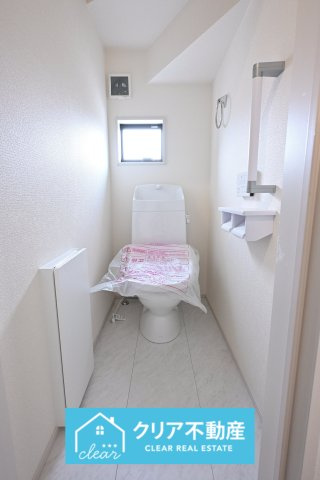 【トイレ】 | 第１伊勢崎国定　リーブルガーデン | シャワー＆暖房便座付きのトイレです！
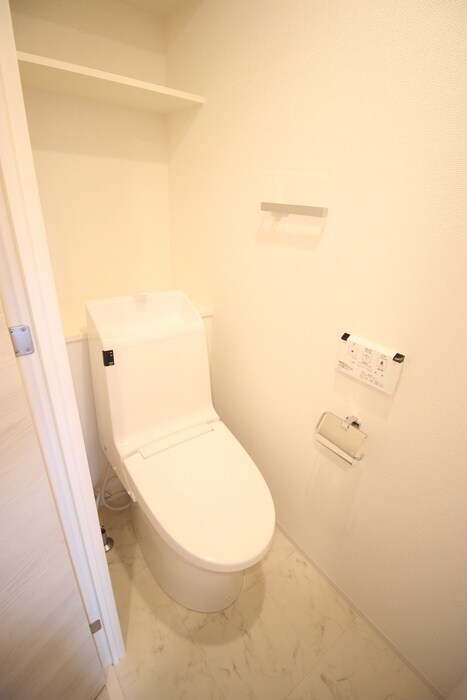 レビスタ白金高輪の物件内観写真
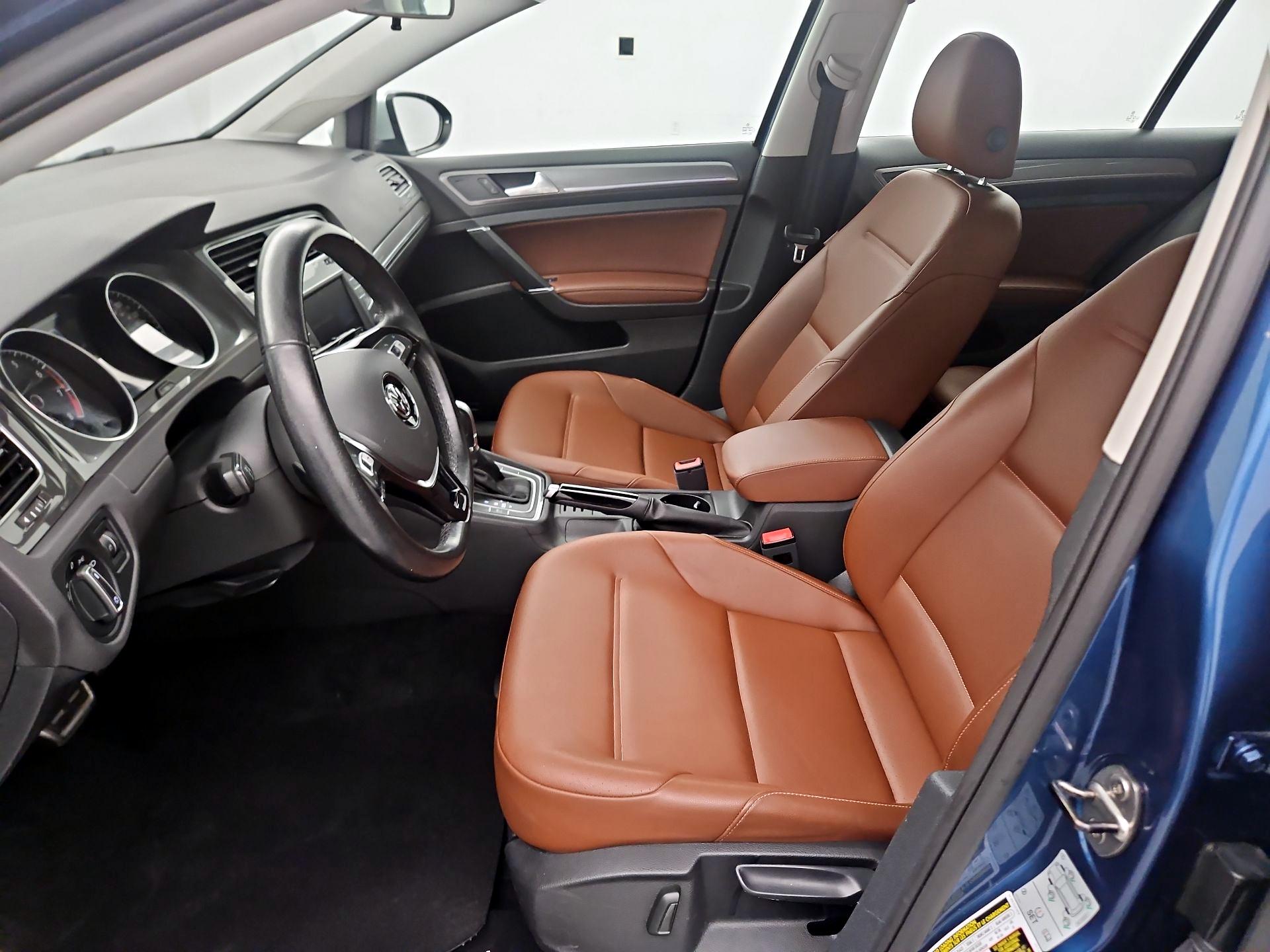 Thumbnail: 2017 Volkswagen Golf - 11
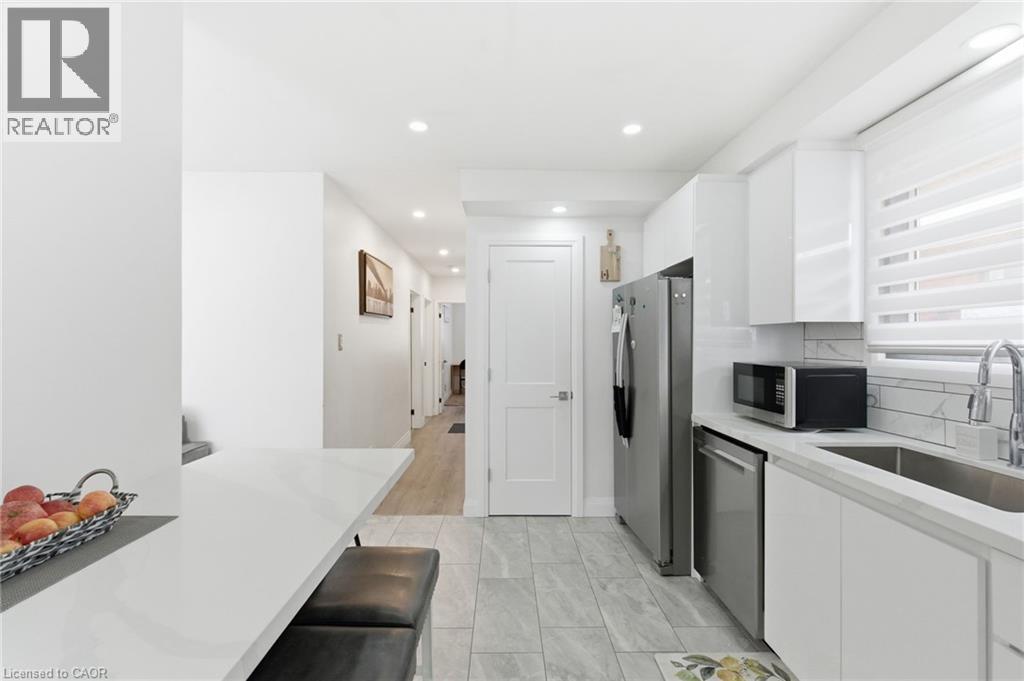 18 Ferrie Street W, Hamilton, Ontario  L8L 1C5 - Photo 8 - 40812834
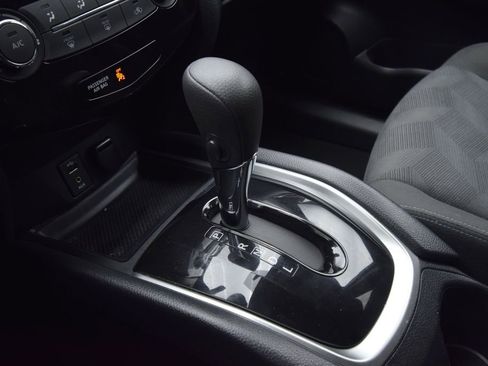 Used 2016 Nissan Rogue S w/ Appearance Package image 18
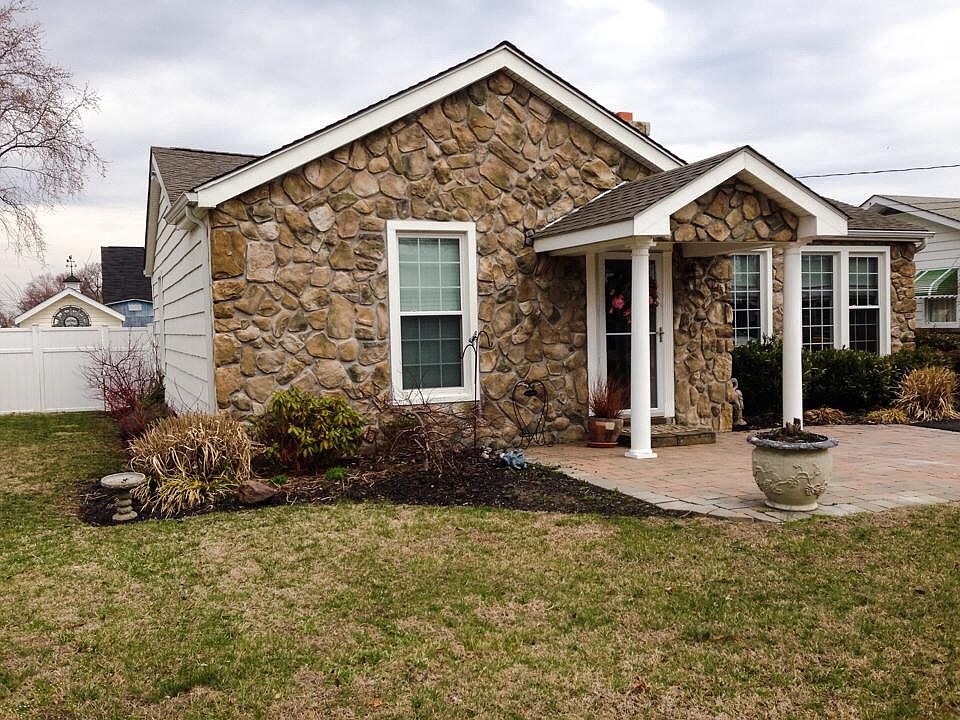 2nd image of 8457 Geneva Rd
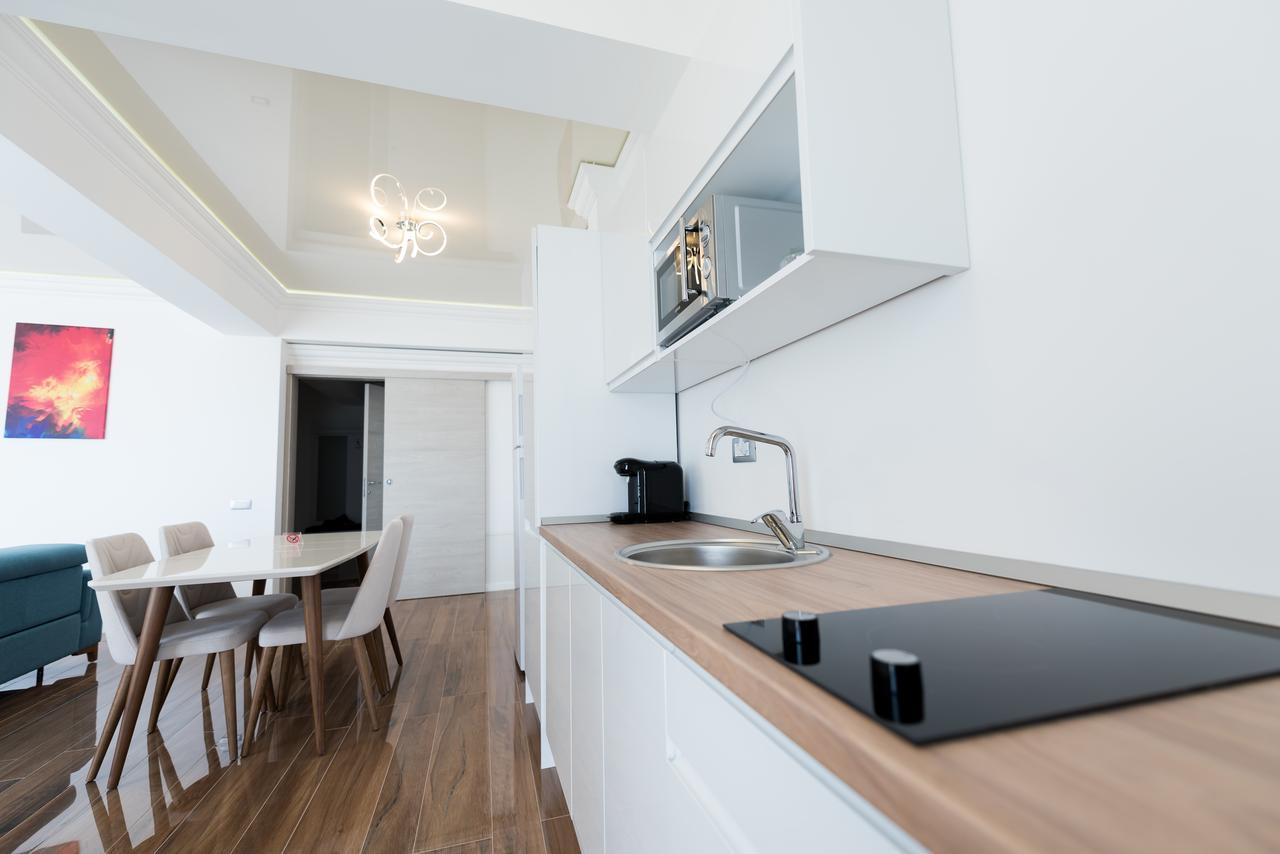 Aparthotel White Tower Mamaia Exterior foto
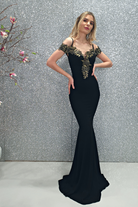 Abito lungo a sirena nero Chanttal con scollatura a barchetta e ricami floreali, tessuto elegante e dettagli raffinati.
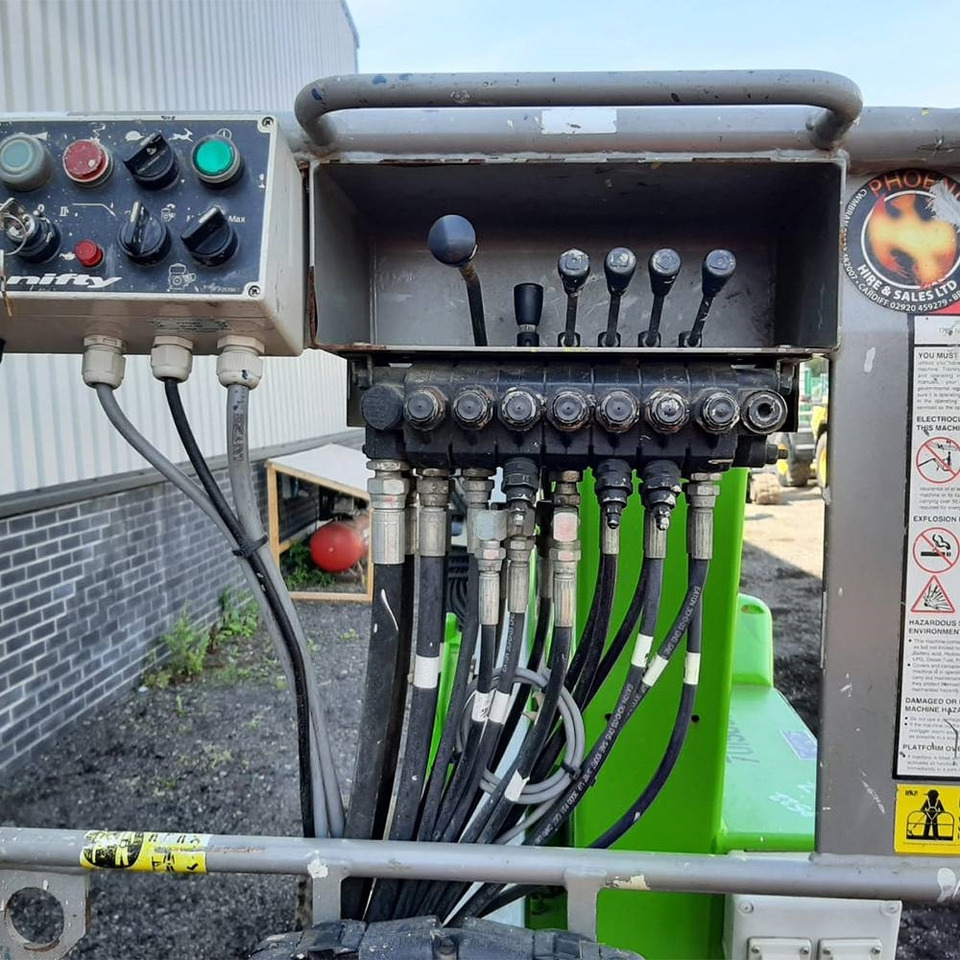 Articulated boom Niftylift HR 12: picture 10 Articulated boom Niftylift HR 12: picture 10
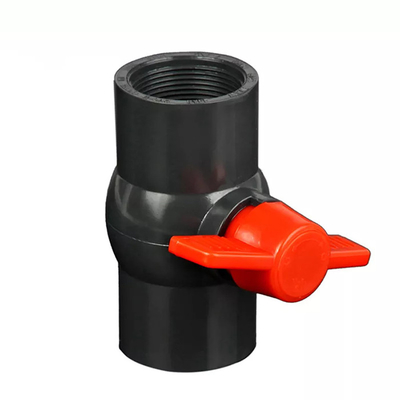 Valve agricole en plastique d'irrigation PVC fileté 1 par pouce de robinet à tournant sphérique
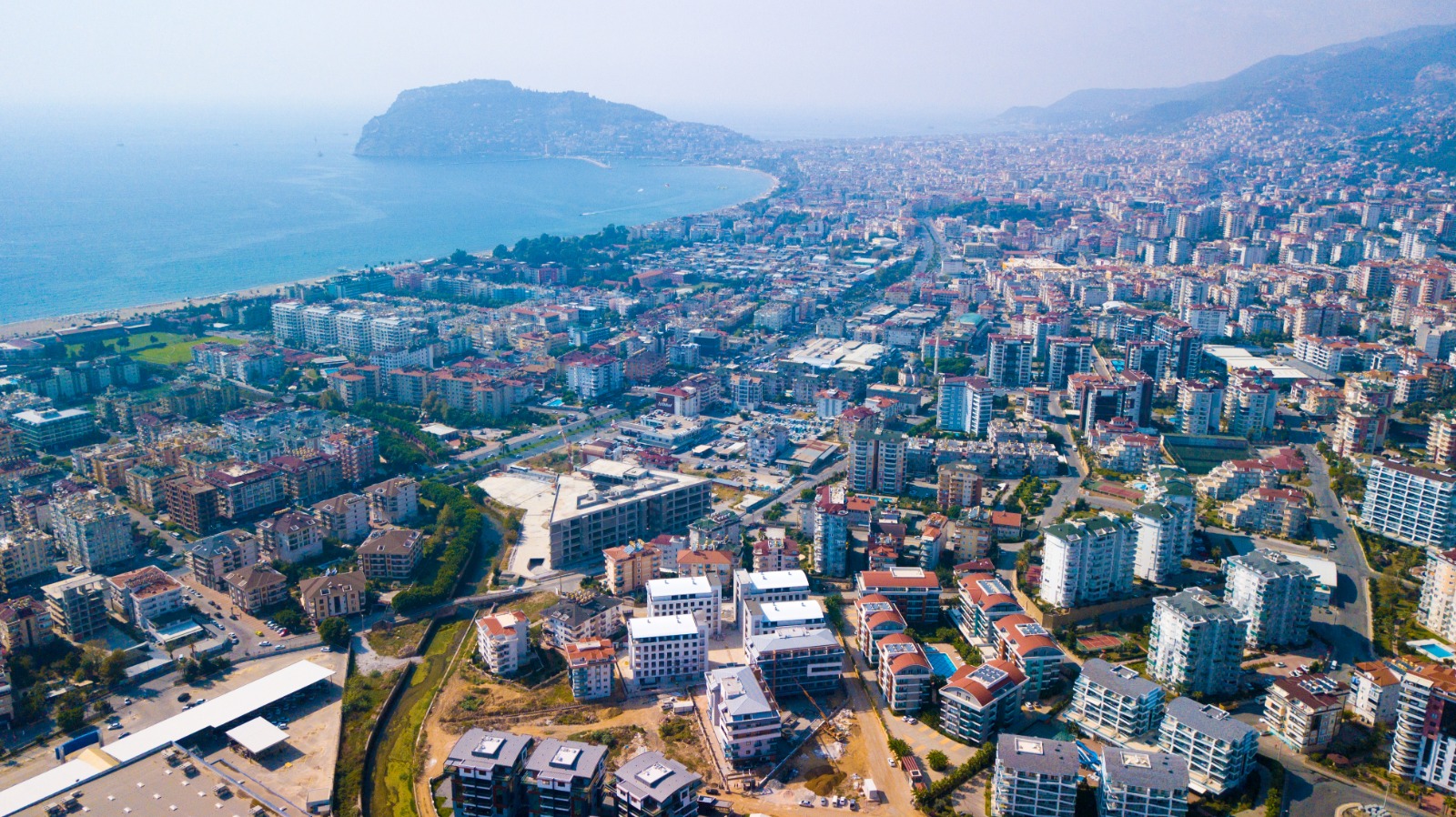 Deniz ve dağlarla çevrili şehir manzarası: Oba'da Alanya'da satılık 2+1 daire, Türkiye — New Level Group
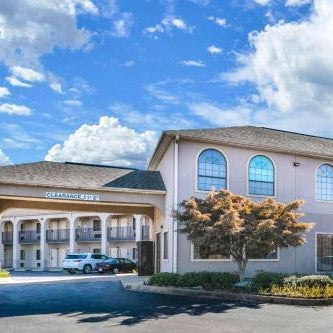 Econo Lodge Inn & Suites Thumbnail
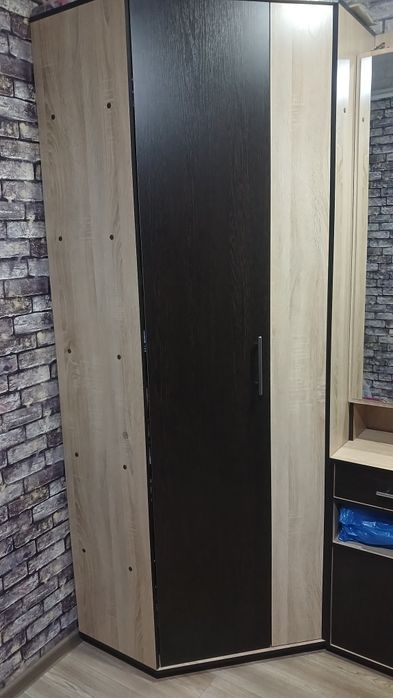 Продаётся прихожая и угловой шкаф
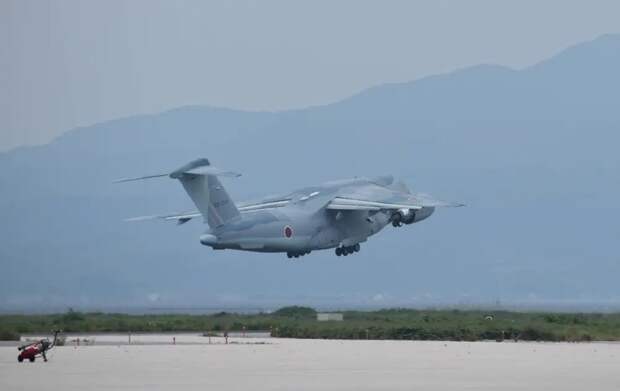 Минобороны Японии отправило военно-транспортные самолёты Kawasaki C2 в Джибути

* * *

> **Exercise**
Treat the line with "2nd image of 8457 Geneva Rd" as the start and the line with "Articulated boom Niftylift HR 12: picture 10 Articulated" as the end, and return exactly that span of the data above, both ends included, without pictures.

> **Task output**
 2nd image of 8457 Geneva Rd
 Aparthotel White Tower Mamaia Exterior foto
 Abito lungo a sirena nero Chanttal con scollatura a barchetta e ricami floreali, tessuto elegante e dettagli raffinati.
 Articulated boom Niftylift HR 12: picture 10 Articulated boom Niftylift HR 12: picture 10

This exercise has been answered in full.